Les détenus de Gdeim Izik en attente d’un nouveau jugement
Le 27 juillet 2016, la Cour de cassation marocaine a annulé la condamnation prononcée par le tribunal militaire à l’encontre de 23 militants et défenseurs des droits de l’homme sahraouis, arrêtés dans le cadre du démantèlement du camp de Gdeim Izik en 2010. Ils doivent être rejugés par un tribunal civil.
Les 23 accusés ont été condamnés le 16 février 2013 à de lourdes peines d’emprisonnement pour appartenance à une organisation criminelle, violences volontaires entrainant la mort de fonctionnaires et, pour certains, profanation de cadavre. Ils sont notamment accusés d’être responsables de la mort de neuf agents de sécurité marocains au cours du démantèlement du camp.
Leur condamnation a été prononcée à l’issue de neuf jours de procès inéquitable marqué par la prise en compte d’aveux arrachés sous la torture. D’après les avocats des accusés, la cassation a été motivée par le fait le Maroc a adopté en 2015 une loi prévoyant l’incompétence du tribunal militaire pour juger des civils.
Aucune date n’a été fixée pour la tenue du procès devant la cour d’appel civile. L’ACAT craint que la procédure dure des années et que le nouveau procès soit lui aussi entaché d’iniquité.
Cela va faire six ans que les accusés sont arbitrairement détenus malgré les condamnations de plusieurs organes des Nations unies.
Contexte
En octobre 2010, des milliers de Sahraouis vivant dans la partie du Sahara occidental sous occupation marocaine ont quitté leur résidence pour s’installer dans des camps temporaires à la périphérie des villes. Ils protestaient ainsi contre les discriminations économiques et sociales dont les Sahraouis s’estiment victimes de la part du gouvernement marocain.

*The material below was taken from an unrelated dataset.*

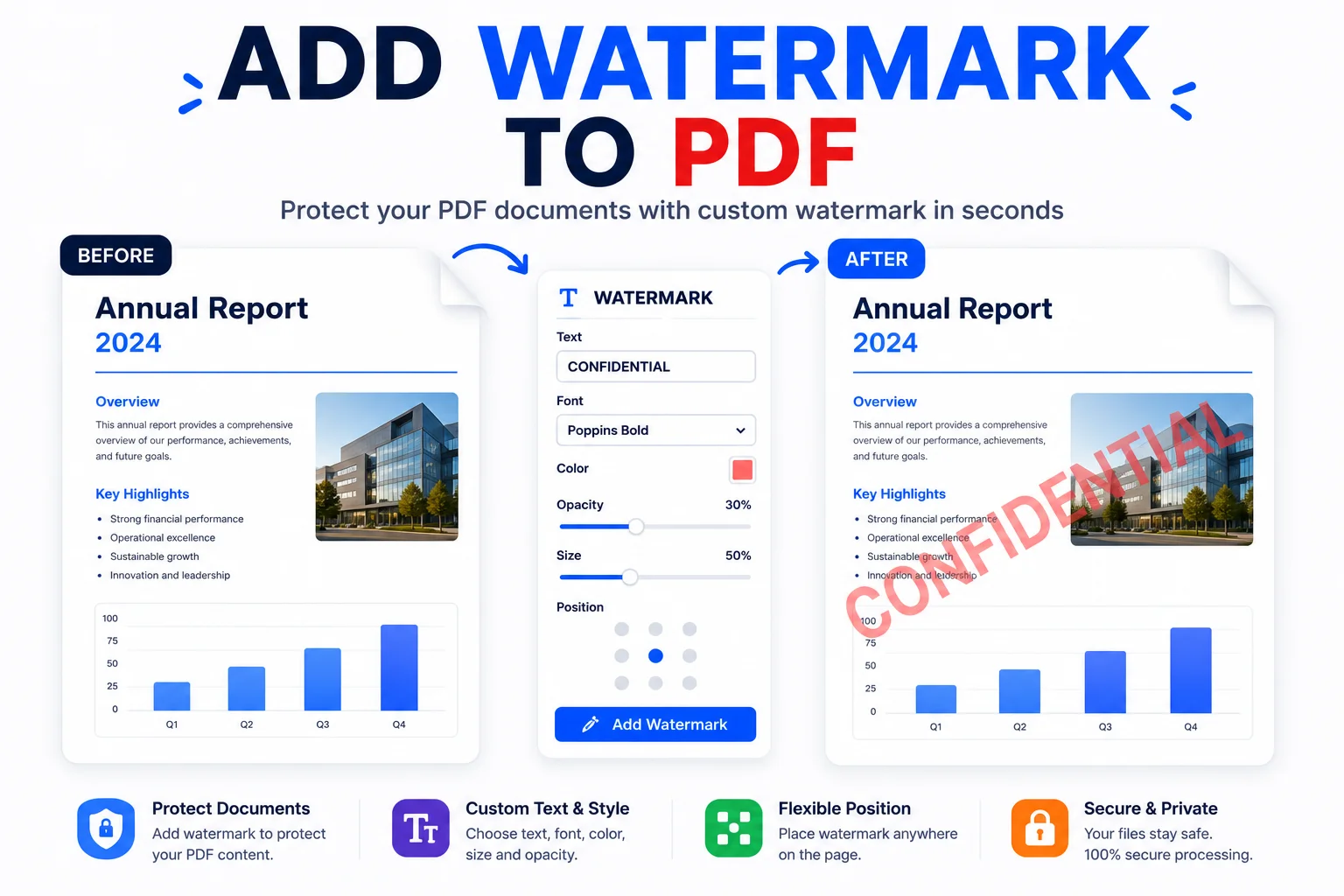 Add Watermark to PDF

Le 8 novembre 2010, les militaires marocains, armés de canons à eau et de bombes lacrymogènes, ont attaqué le camp de Gdeim Izik occupé par près de 20 000 Sahraouis. Des affrontements ont éclaté entre l’armée et des manifestants sahraouis, au cours desquels neuf soldats marocains auraient trouvé la mort. S’en est suivie une violente vague de répression menée par les forces de sécurité marocaines, avec l’appui de civils marocains résidant en territoire sahraoui. Elles ont ainsi ouvert le feu sur des civils dans la ville de Laâyoune, saccagé des maisons et passé à tabac leurs habitants. Des centaines de militants sahraouis ont été arrêtés, dont plusieurs ont déclaré avoir été torturés.

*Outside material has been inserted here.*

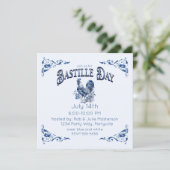 Bastille Day Rooster Kaart (Staand voorkant)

Après 27 mois de détention préventive, 24 militants sahraouis ont été condamnés à de lourdes peines d’emprisonnement pour leur implication dans le mouvement de protestation. Un autre a été condamné par contumace. Les juges militaires se sont refusés à tenir compte des allégations de torture formulées par les accusés et d’ordonner des expertises médicales. Les accusés ont été condamnés sans autre preuve que leurs aveux forcés. Ils ont dû attendre plus de trois ans que leur pourvoi en cassation soit examiné.